__TASK STATEMENT__. Below are the records; return every line from the one that contains "Which Is The Best 3M Vinyl Metalic Pearl" to the last, exactly, skipping the pictures.
━━━━━━━━━━━━━━━━━━━━━━━━━━━━━━
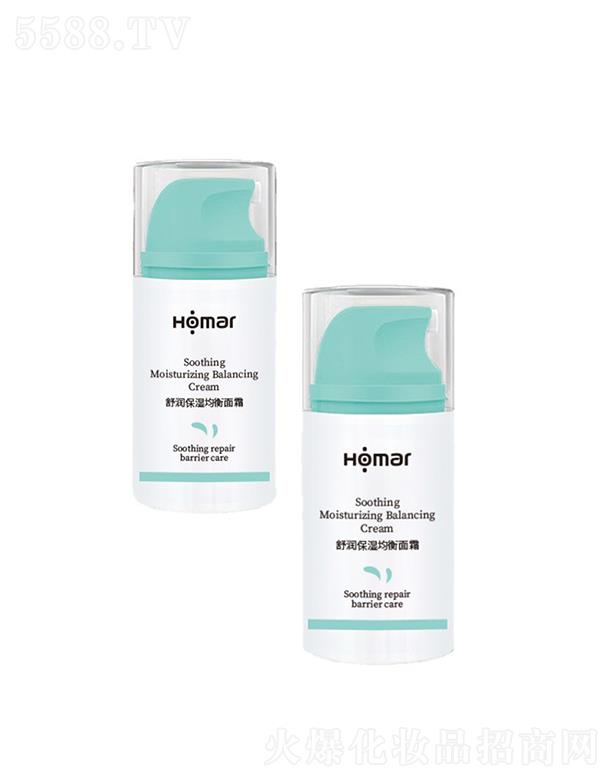 �V�ݿƬ�����Ƽ��ɷ����޹�˾���Ƭ������澏���o(h��)��˪  �沿�o(h��)��   ���a(b��)ˮȥ�t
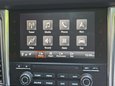 Porsche Macan 3.0 Macan S D Semi-Auto 4WD 5dr 56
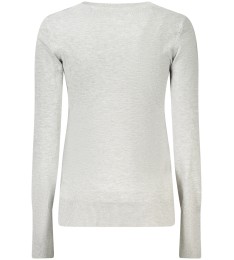 GUESS MEGZTINIS W2YR30Z2V62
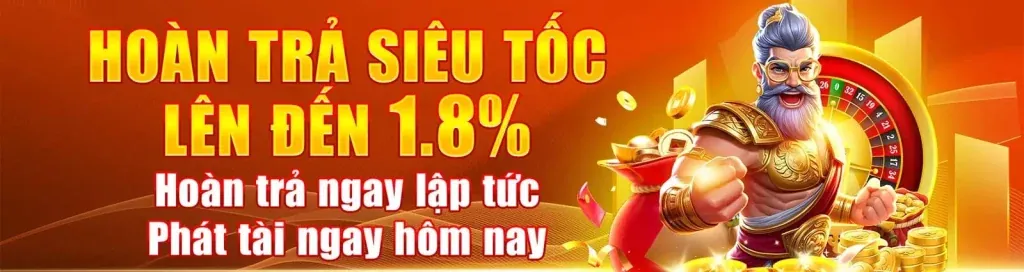 Sự đa dạng của các trò chơi nổ hũ tại dom88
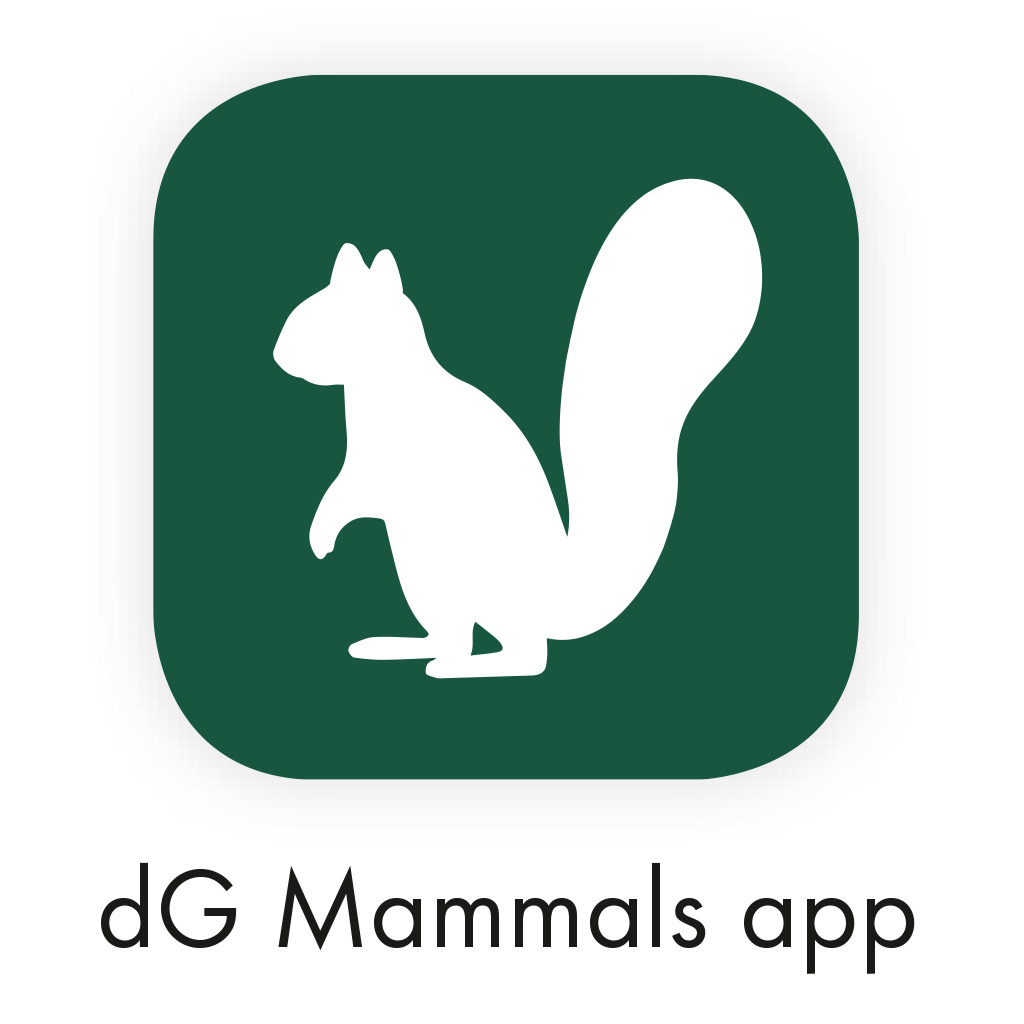 Swarovski Optik dG  8x25 - DEMO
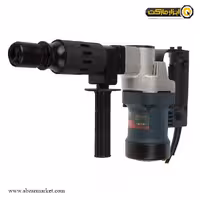 چکش تخریب پوکا 6 کیلویی مدل 810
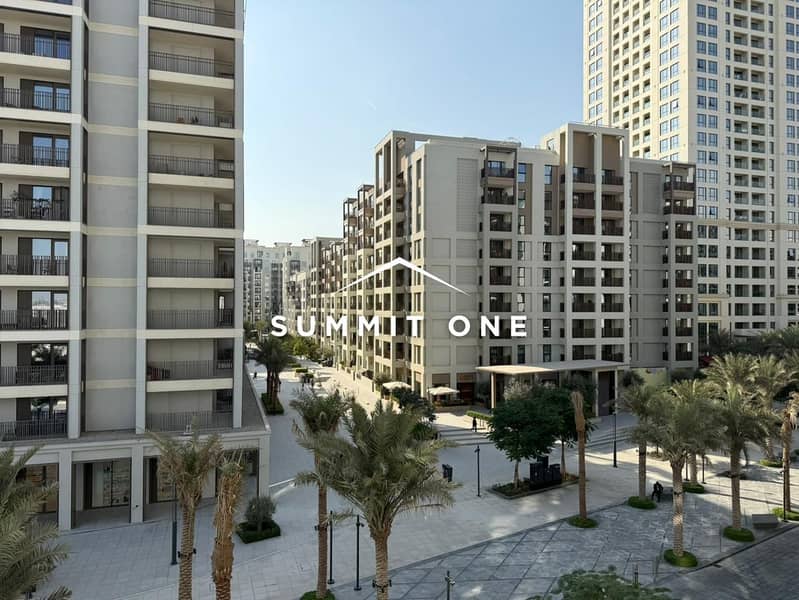 Brand New | Vacant | Flexible Cheques - Image 6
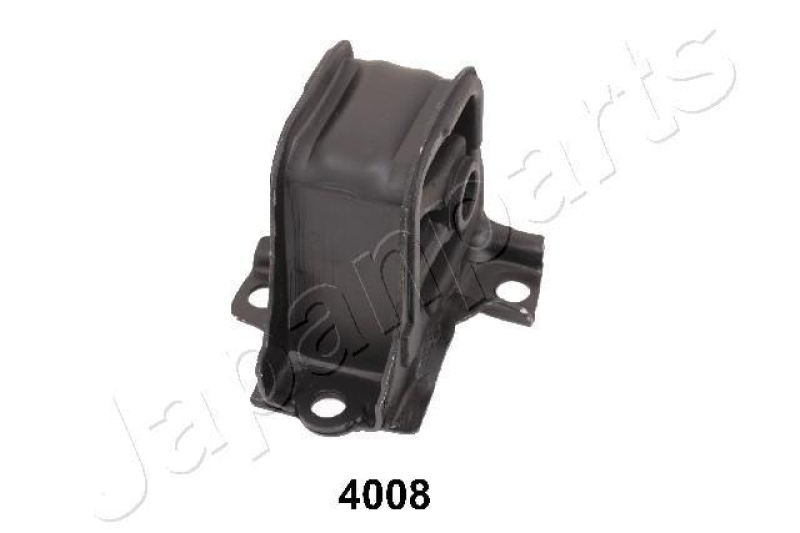 JAPANPARTS Engine Mounting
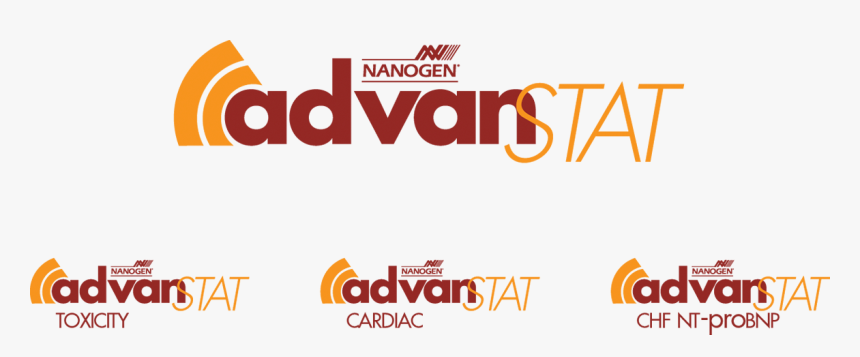Transparent Advan Logo Png - Nanogen, Png Download, Free Download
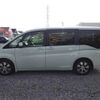 honda stepwagon 2015 -HONDA--Stepwgn DBA-RP1--RP1-1000828---HONDA--Stepwgn DBA-RP1--RP1-1000828- image 23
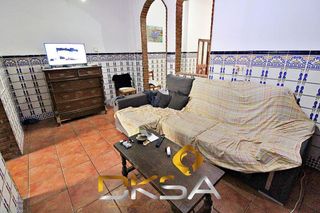 Piso en venta en Zona Playa en Burriana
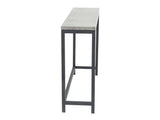 Console table 425325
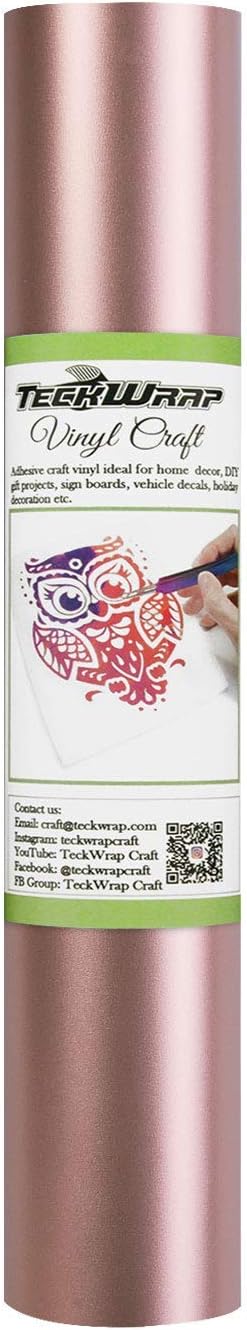 Which Is The Best 3M Vinyl Metalic Pearl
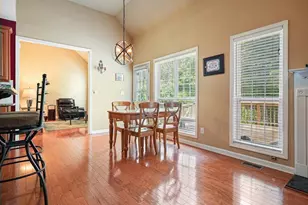 6285 Vinings Vintage Dr, Mableton, GA 30126 - Photo 14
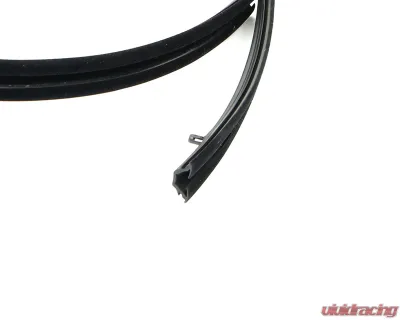 AMD Front Door Glass Run Chevrolet | GMC C/K | Blazer | Jimmy | Suburban 1973-1980 - 552-4073-1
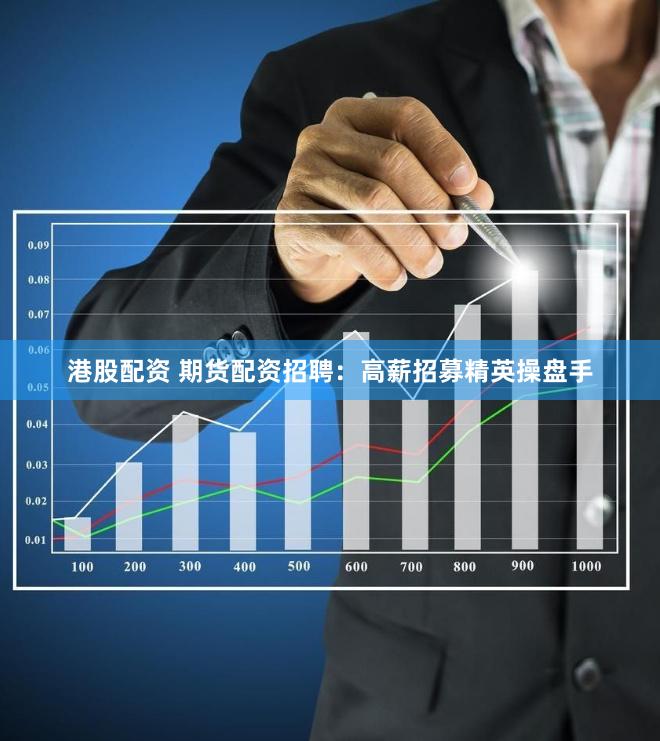 港股配资 期货配资招聘：高薪招募精英操盘手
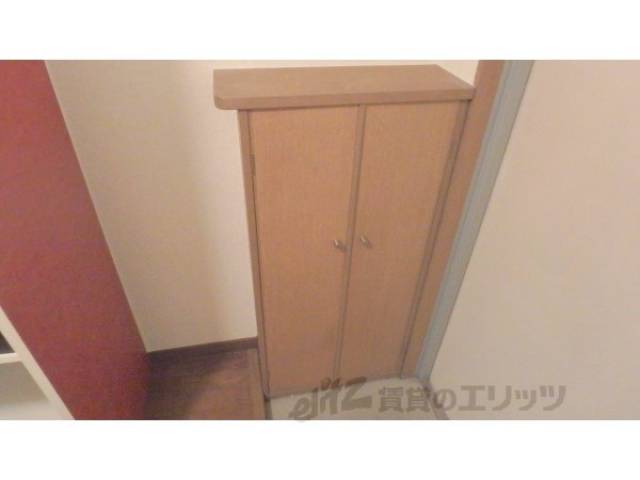 下駄箱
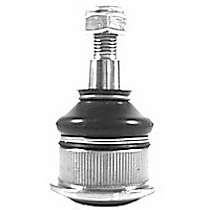 X05BJ0883 Front, Driver or Passenger Side, Lower Ball Joint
━━━━━━━━━━━━━━━━━━━━━━━━━━━━━━
__ANSWER TO THE EXERCISE__.
 Which Is The Best 3M Vinyl Metalic Pearl
 6285 Vinings Vintage Dr, Mableton, GA 30126 - Photo 14
 AMD Front Door Glass Run Chevrolet | GMC C/K | Blazer | Jimmy | Suburban 1973-1980 - 552-4073-1
 港股配资 期货配资招聘：高薪招募精英操盘手
 下駄箱
 X05BJ0883 Front, Driver or Passenger Side, Lower Ball Joint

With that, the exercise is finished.